Supplied entries:
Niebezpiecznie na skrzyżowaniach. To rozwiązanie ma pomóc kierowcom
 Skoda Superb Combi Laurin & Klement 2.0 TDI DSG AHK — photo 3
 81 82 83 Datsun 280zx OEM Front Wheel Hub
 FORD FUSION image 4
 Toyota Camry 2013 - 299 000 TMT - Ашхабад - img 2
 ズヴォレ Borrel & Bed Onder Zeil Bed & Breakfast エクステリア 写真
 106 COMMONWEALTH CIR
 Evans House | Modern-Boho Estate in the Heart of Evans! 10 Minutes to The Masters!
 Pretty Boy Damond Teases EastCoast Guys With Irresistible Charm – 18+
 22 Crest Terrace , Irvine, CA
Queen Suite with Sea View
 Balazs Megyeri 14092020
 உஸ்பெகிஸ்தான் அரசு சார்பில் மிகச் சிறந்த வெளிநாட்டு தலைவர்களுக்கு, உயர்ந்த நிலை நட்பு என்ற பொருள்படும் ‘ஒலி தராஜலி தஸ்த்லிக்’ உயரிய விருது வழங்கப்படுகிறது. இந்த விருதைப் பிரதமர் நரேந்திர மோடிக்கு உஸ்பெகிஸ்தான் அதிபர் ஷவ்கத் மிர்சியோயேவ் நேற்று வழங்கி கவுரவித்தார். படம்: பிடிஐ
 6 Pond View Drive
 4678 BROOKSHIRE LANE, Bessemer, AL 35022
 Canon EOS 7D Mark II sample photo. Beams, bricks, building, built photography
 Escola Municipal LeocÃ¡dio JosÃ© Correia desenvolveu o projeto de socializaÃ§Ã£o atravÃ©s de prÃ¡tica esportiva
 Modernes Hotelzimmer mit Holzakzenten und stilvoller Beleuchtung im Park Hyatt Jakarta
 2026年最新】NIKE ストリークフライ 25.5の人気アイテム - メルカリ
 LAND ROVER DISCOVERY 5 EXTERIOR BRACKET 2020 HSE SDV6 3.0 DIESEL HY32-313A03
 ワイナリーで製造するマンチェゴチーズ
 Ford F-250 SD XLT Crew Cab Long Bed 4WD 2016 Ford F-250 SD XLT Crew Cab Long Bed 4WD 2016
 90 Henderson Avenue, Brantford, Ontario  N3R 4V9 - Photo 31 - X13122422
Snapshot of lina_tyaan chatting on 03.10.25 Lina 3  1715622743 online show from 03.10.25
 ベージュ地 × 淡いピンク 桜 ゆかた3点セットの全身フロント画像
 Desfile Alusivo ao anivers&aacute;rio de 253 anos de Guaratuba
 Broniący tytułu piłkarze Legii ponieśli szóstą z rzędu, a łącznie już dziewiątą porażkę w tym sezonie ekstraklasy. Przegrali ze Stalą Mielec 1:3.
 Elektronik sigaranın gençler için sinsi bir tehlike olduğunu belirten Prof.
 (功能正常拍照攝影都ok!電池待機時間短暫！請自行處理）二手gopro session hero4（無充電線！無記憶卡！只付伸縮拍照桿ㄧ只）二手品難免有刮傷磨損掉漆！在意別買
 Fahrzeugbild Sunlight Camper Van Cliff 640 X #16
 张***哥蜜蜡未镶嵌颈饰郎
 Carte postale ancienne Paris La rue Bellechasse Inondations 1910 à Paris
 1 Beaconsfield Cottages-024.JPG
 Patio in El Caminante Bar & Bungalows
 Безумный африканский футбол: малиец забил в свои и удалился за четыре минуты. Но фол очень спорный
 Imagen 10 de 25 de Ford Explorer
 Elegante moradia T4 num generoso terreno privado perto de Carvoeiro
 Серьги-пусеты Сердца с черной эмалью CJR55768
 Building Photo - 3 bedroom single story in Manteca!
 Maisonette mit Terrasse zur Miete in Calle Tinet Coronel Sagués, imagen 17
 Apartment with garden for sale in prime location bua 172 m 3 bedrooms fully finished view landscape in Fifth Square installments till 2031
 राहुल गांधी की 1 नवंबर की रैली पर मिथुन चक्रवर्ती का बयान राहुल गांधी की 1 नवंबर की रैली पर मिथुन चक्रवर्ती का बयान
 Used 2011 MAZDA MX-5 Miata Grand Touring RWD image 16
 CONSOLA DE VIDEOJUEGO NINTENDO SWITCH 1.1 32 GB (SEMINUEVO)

Exercise goal:
What are the lines above, starting at the one with "உஸ்பெகிஸ்தான் அரசு சார்பில்" and ending at the one with "Patio in El Caminante Bar & Bungalows"? Give them again exactly, and only them.

Result of this exercise:
 உஸ்பெகிஸ்தான் அரசு சார்பில் மிகச் சிறந்த வெளிநாட்டு தலைவர்களுக்கு, உயர்ந்த நிலை நட்பு என்ற பொருள்படும் ‘ஒலி தராஜலி தஸ்த்லிக்’ உயரிய விருது வழங்கப்படுகிறது. இந்த விருதைப் பிரதமர் நரேந்திர மோடிக்கு உஸ்பெகிஸ்தான் அதிபர் ஷவ்கத் மிர்சியோயேவ் நேற்று வழங்கி கவுரவித்தார். படம்: பிடிஐ
 6 Pond View Drive
 4678 BROOKSHIRE LANE, Bessemer, AL 35022
 Canon EOS 7D Mark II sample photo. Beams, bricks, building, built photography
 Escola Municipal LeocÃ¡dio JosÃ© Correia desenvolveu o projeto de socializaÃ§Ã£o atravÃ©s de prÃ¡tica esportiva
 Modernes Hotelzimmer mit Holzakzenten und stilvoller Beleuchtung im Park Hyatt Jakarta
 2026年最新】NIKE ストリークフライ 25.5の人気アイテム - メルカリ
 LAND ROVER DISCOVERY 5 EXTERIOR BRACKET 2020 HSE SDV6 3.0 DIESEL HY32-313A03
 ワイナリーで製造するマンチェゴチーズ
 Ford F-250 SD XLT Crew Cab Long Bed 4WD 2016 Ford F-250 SD XLT Crew Cab Long Bed 4WD 2016
 90 Henderson Avenue, Brantford, Ontario  N3R 4V9 - Photo 31 - X13122422
Snapshot of lina_tyaan chatting on 03.10.25 Lina 3  1715622743 online show from 03.10.25
 ベージュ地 × 淡いピンク 桜 ゆかた3点セットの全身フロント画像
 Desfile Alusivo ao anivers&aacute;rio de 253 anos de Guaratuba
 Broniący tytułu piłkarze Legii ponieśli szóstą z rzędu, a łącznie już dziewiątą porażkę w tym sezonie ekstraklasy. Przegrali ze Stalą Mielec 1:3.
 Elektronik sigaranın gençler için sinsi bir tehlike olduğunu belirten Prof.
 (功能正常拍照攝影都ok!電池待機時間短暫！請自行處理）二手gopro session hero4（無充電線！無記憶卡！只付伸縮拍照桿ㄧ只）二手品難免有刮傷磨損掉漆！在意別買
 Fahrzeugbild Sunlight Camper Van Cliff 640 X #16
 张***哥蜜蜡未镶嵌颈饰郎
 Carte postale ancienne Paris La rue Bellechasse Inondations 1910 à Paris
 1 Beaconsfield Cottages-024.JPG
 Patio in El Caminante Bar & Bungalows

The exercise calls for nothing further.